Rare animals emerge after 20 years of reforestation in NW China

37 species under national protection have been observed in the Ziwuling area, thanks to massive reforestation efforts.

Photo: Treehugger/CC BY 2.0 Rog01

 

A few months ago I wrote about how China is planting 16.3 million acres of forest this year alone, with plans to increase forest coverage to 23 percent of its total landmass by the end of the decade.

And you know what happens when you coax a forest back into being?
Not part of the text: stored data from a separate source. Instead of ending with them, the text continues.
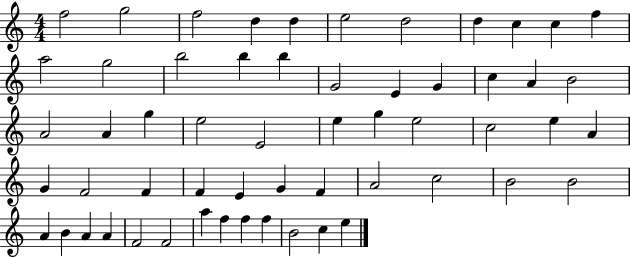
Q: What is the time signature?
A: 4/4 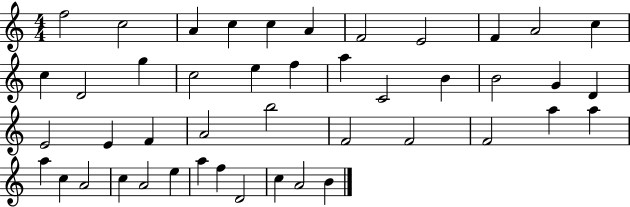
{
  \clef treble
  \numericTimeSignature
  \time 4/4
  \key c \major
  f''2 c''2 | a'4 c''4 c''4 a'4 | f'2 e'2 | f'4 a'2 c''4 | \break c''4 d'2 g''4 | c''2 e''4 f''4 | a''4 c'2 b'4 | b'2 g'4 d'4 | \break e'2 e'4 f'4 | a'2 b''2 | f'2 f'2 | f'2 a''4 a''4 | \break a''4 c''4 a'2 | c''4 a'2 e''4 | a''4 f''4 d'2 | c''4 a'2 b'4 | \break \bar "|."
} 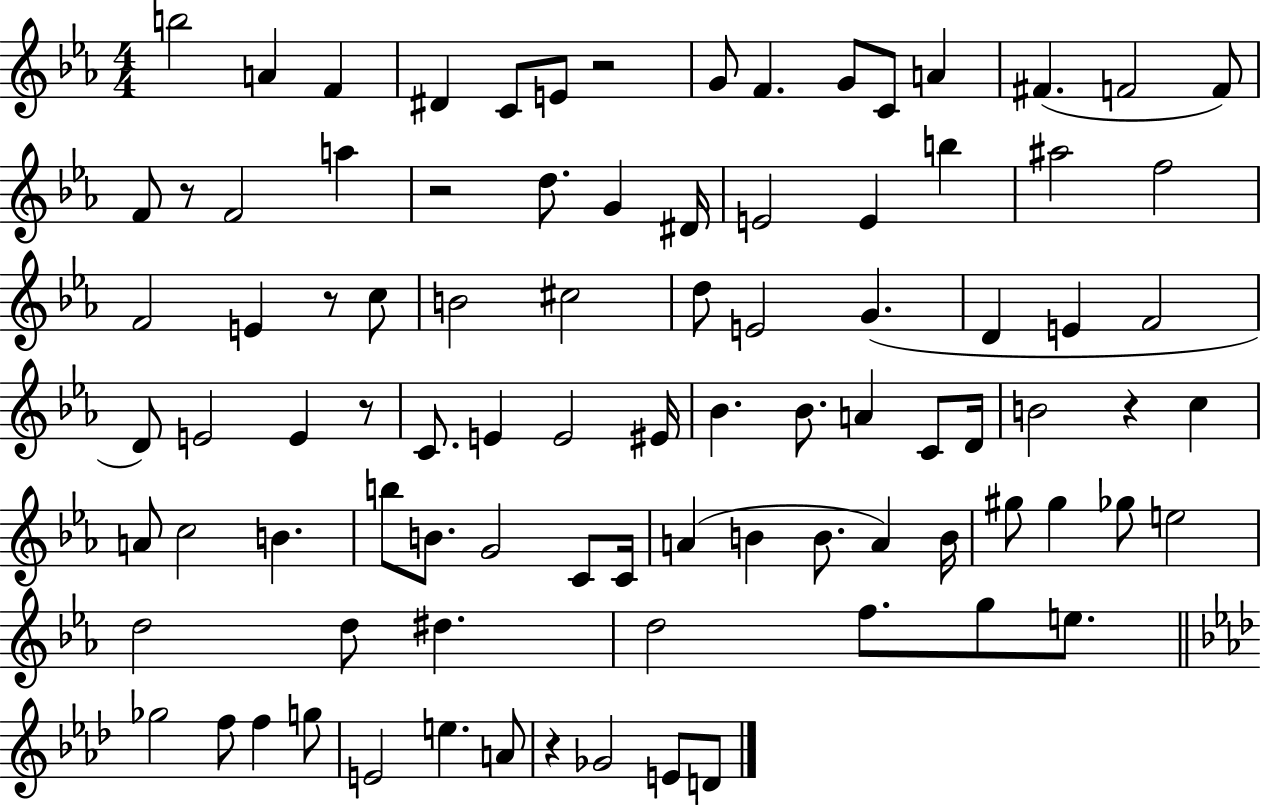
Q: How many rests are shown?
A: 7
Creatures great and small find a place to call home … and begin to thrive again.

If anyone was looking for proof of this simple equation, they may need look no further than the Ziwuling Forest Area in Yan’an, Shannxi province. After two decades of “massive reforestation projects” in the area, the payoff is becoming evident.
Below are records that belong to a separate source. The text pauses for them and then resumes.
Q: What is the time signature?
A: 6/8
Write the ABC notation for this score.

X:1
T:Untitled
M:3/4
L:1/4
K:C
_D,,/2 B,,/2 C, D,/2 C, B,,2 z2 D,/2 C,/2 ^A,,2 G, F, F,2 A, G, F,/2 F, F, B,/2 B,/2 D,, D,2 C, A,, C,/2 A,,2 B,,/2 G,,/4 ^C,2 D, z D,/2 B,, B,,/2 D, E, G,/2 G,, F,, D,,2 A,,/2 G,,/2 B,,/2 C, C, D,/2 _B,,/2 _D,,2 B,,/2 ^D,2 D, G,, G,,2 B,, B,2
Researchers from Beijing Normal University have been using infrared cameras to check in on Ziwuling’s wildlife, and they have photographed all kinds of rare species. From golden pheasants and red foxes to roe deer, the menagerie of threatened animals adds to an earlier discovery of the largest-ever population of North-Chinese leopards in the area.

“The nature reserve has a large population of wild boars and roe deer, as well as small and medium-sized carnivorous animals such as ocelots and red foxes. If it was not for environmental protection we’ve undertaken, it’s likely none of these animals would have survived,” said Feng Limin Feng, associate professor from Beijing Normal University.

The researchers say that so far they have catalogued a whopping 263 different species in Ziwuling, including eight endangered species under critically endangered first-class national protection, and another 29 under second-class national protection.

It’s really not rocket science. Animals the world over are being threatened with extinction because of habitat destruction. Stop that destruction, put some effort in refurbishing the natural landscape, and give the animals a fighting chance at survival. And if we’re all lucky, they may even thrive.